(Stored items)
☆ ☆ ☆ ☆ ☆
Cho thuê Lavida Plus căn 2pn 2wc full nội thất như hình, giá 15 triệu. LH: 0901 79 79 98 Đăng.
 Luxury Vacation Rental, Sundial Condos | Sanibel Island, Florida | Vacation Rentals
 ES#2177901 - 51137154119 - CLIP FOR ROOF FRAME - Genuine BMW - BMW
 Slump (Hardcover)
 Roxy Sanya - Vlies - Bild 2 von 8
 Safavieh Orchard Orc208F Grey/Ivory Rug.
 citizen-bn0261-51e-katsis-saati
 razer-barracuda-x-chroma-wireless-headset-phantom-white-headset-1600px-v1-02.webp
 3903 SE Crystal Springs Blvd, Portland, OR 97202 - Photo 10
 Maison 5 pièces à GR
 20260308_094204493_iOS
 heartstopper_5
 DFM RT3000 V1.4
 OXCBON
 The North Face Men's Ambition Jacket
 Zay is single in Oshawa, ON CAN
☆ ☆ ☆ ☆ ☆
Find the line with "3903 SE Crystal" in the data above. Restate it and all later lines word for word, ending with the last line.

 3903 SE Crystal Springs Blvd, Portland, OR 97202 - Photo 10
 Maison 5 pièces à GR
 20260308_094204493_iOS
 heartstopper_5
 DFM RT3000 V1.4
 OXCBON
 The North Face Men's Ambition Jacket
 Zay is single in Oshawa, ON CAN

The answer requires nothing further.